We have an administrative question regarding the tags: is there any place in the code where we can see the tags collected all together? If yes, could you point us towards where we can find it.

We would like to occasionally export the tags of the Atlas (copy paste them as a list or put them in a .csv) to use them with other kinds of research on the project. So far we found the filter panel gives an overview, but this panel is separated per wayfinding device so it doesn't show all the tags.

JGabrys commented 2 years ago

Thanks for this, Michelle, and just to add we were also wondering if it is possible to edit the SF Atlas tags (for instance, if we have acoustic and Acoustics as we do now, can we edit and merge these in any way so it propagates across the site?).

janbaykara commented 2 years ago

@colombinary yes this is doable.

@JGabrys it is possible to edit the name of a tag and to delete tags (via the link above), but there is currently no merge functionality. In the future we could add functionality for merging tags.

janbaykara commented 2 years ago

@colombinary I have set up a Google Sheet which pulls in the tags (and page counts) so you can copy / paste / export to CSV easily. I hope this works as an interim solution!

https://docs.google.com/spreadsheets/d/1PCsOh00RO1N_9H5GeLjoY4nzjJnHS8rmVAZIw0pEKUY/edit?usp=sharing

For team documentation, this is running through a free tier syncing solution, via my jan@commonknowledge login: https://app.hightouch.io/smart-forests-atlas/syncs/29714

colombinary commented 2 years ago

This is great, thanks for setting this up. I am seeing that on the 'snippets' page, many of the test-tags are still on this list, while they are already cleaned up from the tag cloud and Atlas content pages. Does this mean that any deleted tags from the Atlas are still stored in this list?

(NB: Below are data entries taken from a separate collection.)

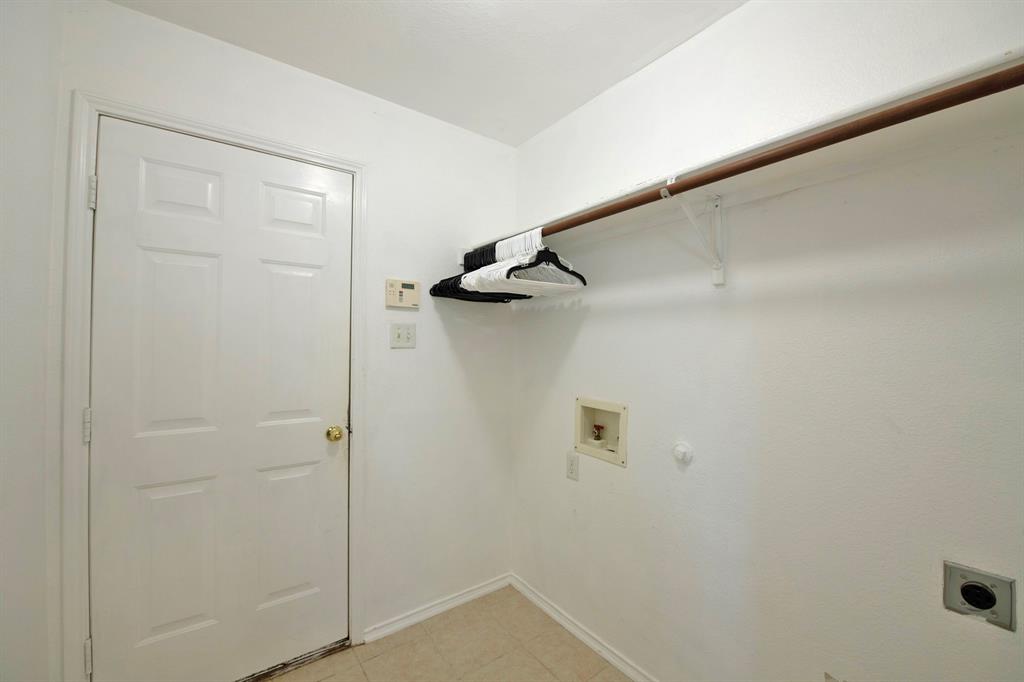 Forrest Creek Add - Residential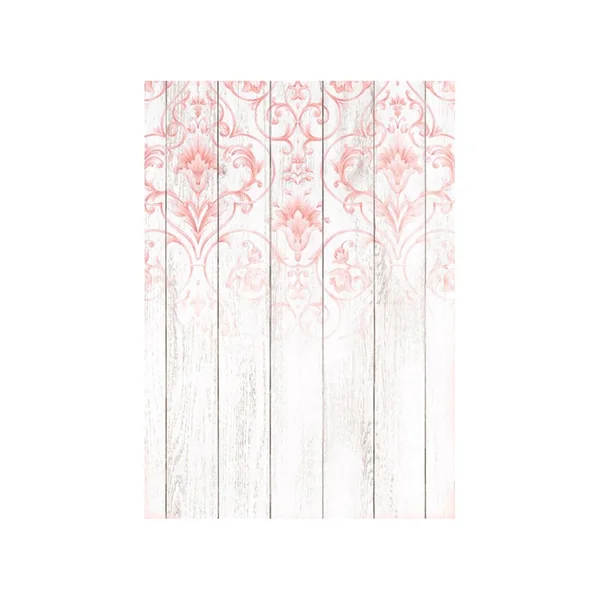 Soies de paille à motifs Backgrounds « Roseland »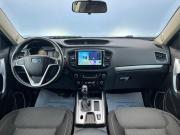 Geely Emgrand X7 I Рестайлинг 2 Чебоксары  - изображение 45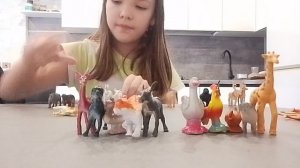 мини животные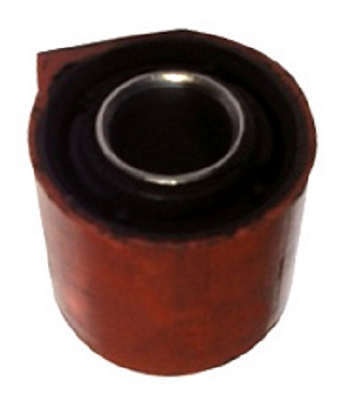 BUCHA REFIL TRASEIRA DA BANDEJA SUSPENSÃO DIANTEIRA (Ø18 X Ø44 X 41 mm)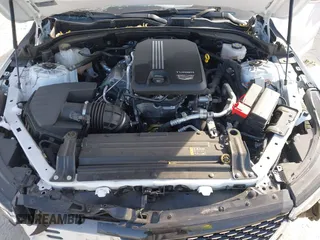 2024 Cadillac CT4 Luxury z VIN 1G6DA5RK2R0124982, wystawiony jako IAAI lot #42075299 z przebiegiem 21 660 mil mil oraz . Historia ofert i sprzedaży dostępna na DreamBid. Obrazek 10.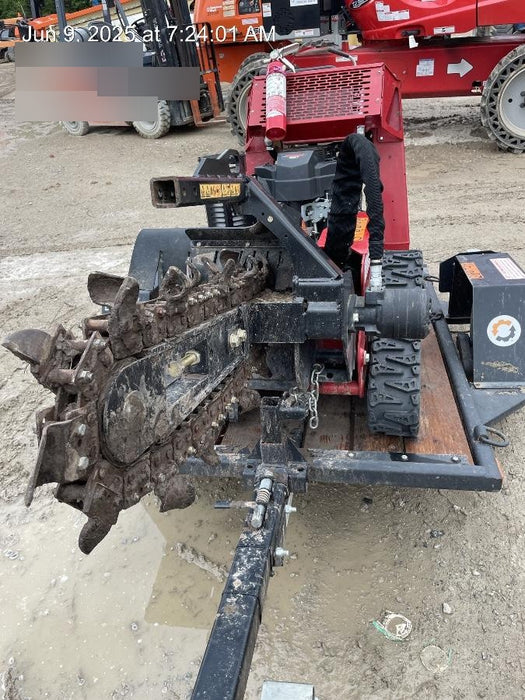 2022 BARRETO E4X6TBT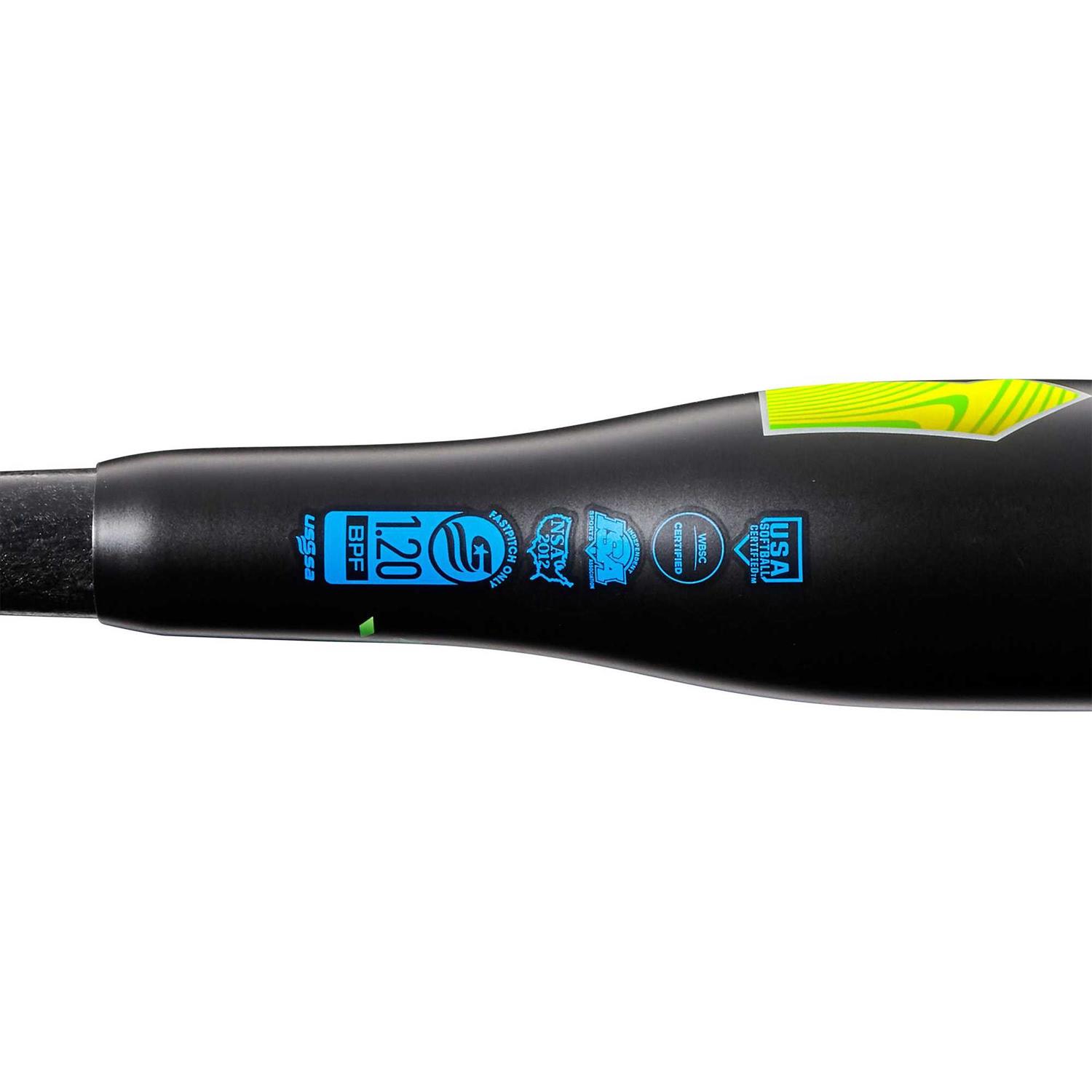 2022 DeMarini Zenith Fastpitch Softball Bat - Sports Supplies Online Store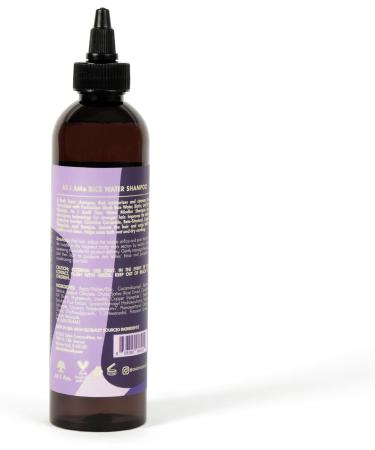 As I Am Rice Water Micellar Shampoo - Buy Online on GoSupps.com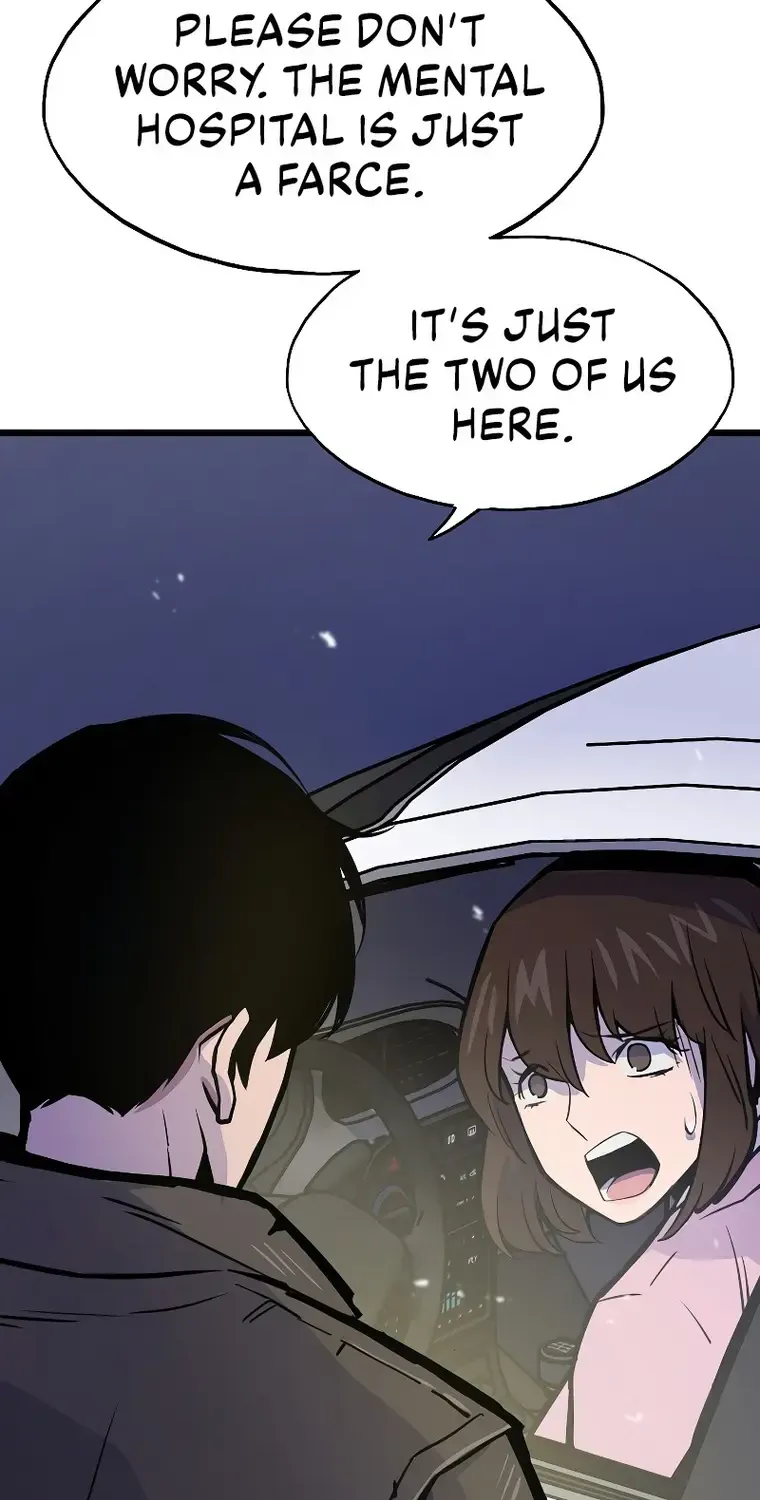 Past Life Returner Chapter 20 page 99 -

janbaykara commented 2 years ago

Tags, when removed from a page, continue to exist in the database as independent entities. But they generally will only show up when relevant; say, in tag filter panels if there are pages with this tag, or in the tag cloud if there are pages with this tag. So in practice this isn't a problem. They will continue to be recommended when you type into the tag input box though. You are free to delete old tags you no longer want in the system, and you can use the Google Sheet's "page count" column to identify the ones that you can safely delete.

colombinary commented 2 years ago

Thanks for clarifying, this is very helpful!